**WORK ITEM:** Output exactly the lines of the listing below that run from the line with "Migrants gesture towards" through the line with "Outdoor deck overlooking". No pictures.

*****

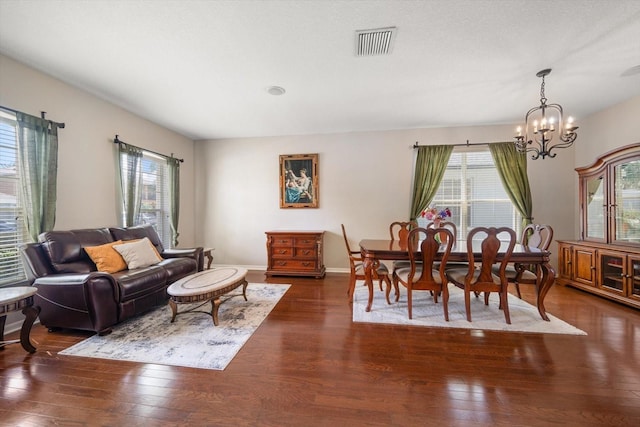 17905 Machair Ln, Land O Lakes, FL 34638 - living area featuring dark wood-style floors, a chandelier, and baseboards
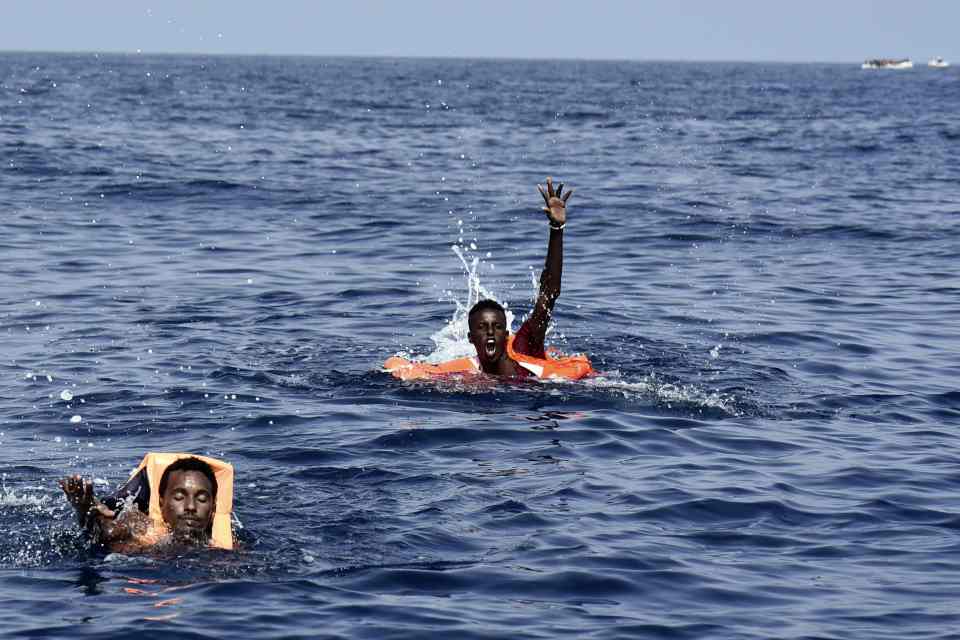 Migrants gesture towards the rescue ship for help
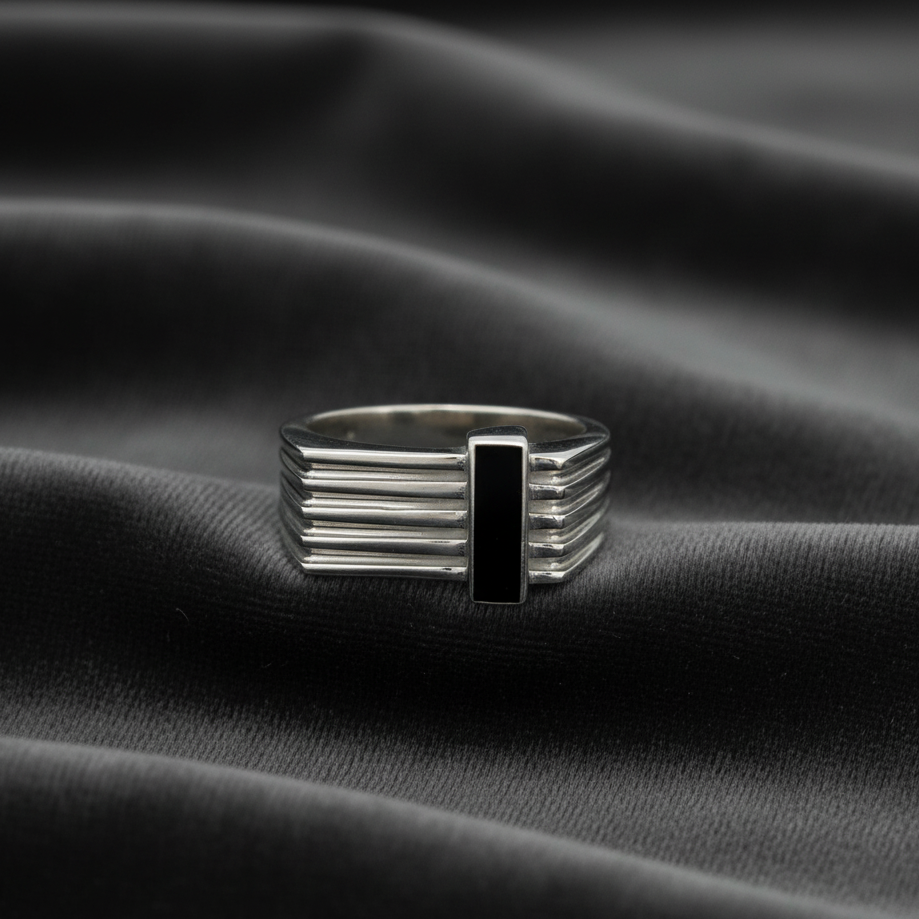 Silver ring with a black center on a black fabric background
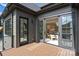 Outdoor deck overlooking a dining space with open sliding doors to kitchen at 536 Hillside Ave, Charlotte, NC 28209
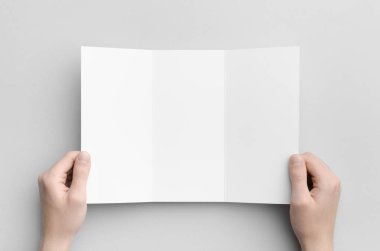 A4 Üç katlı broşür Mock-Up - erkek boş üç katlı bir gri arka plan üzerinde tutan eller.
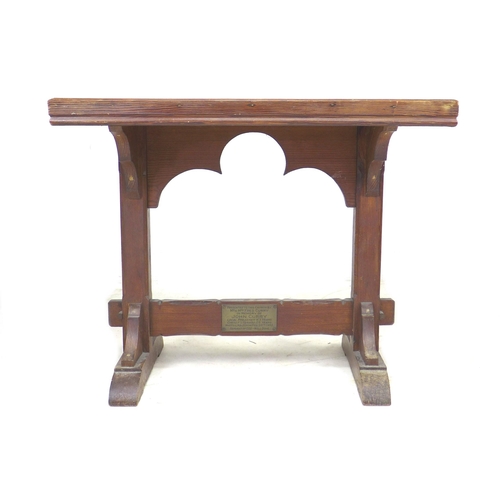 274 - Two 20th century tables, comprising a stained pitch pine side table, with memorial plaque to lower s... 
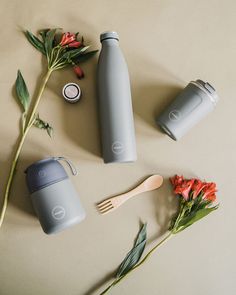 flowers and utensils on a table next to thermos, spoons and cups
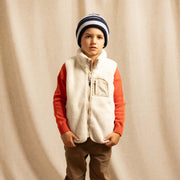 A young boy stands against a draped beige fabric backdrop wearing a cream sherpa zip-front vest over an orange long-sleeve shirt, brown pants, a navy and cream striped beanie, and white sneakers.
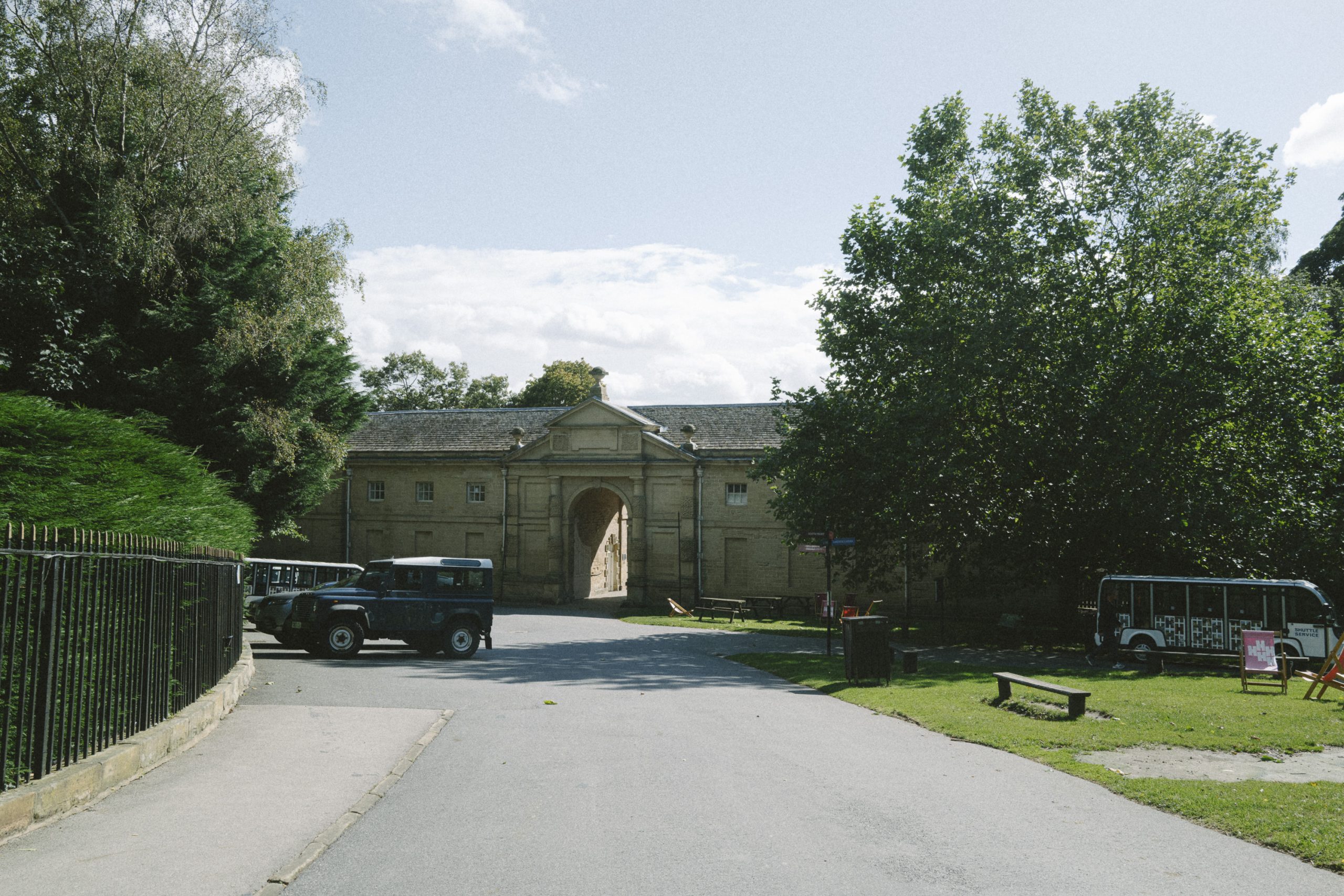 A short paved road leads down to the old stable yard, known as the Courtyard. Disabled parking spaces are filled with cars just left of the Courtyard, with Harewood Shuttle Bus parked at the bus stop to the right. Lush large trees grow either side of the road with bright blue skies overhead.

*****

**SOLUTION BELOW:**
 Migrants gesture towards the rescue ship for help
 Silver ring with a black center on a black fabric background
 Outdoor deck overlooking a dining space with open sliding doors to kitchen at 536 Hillside Ave, Charlotte, NC 28209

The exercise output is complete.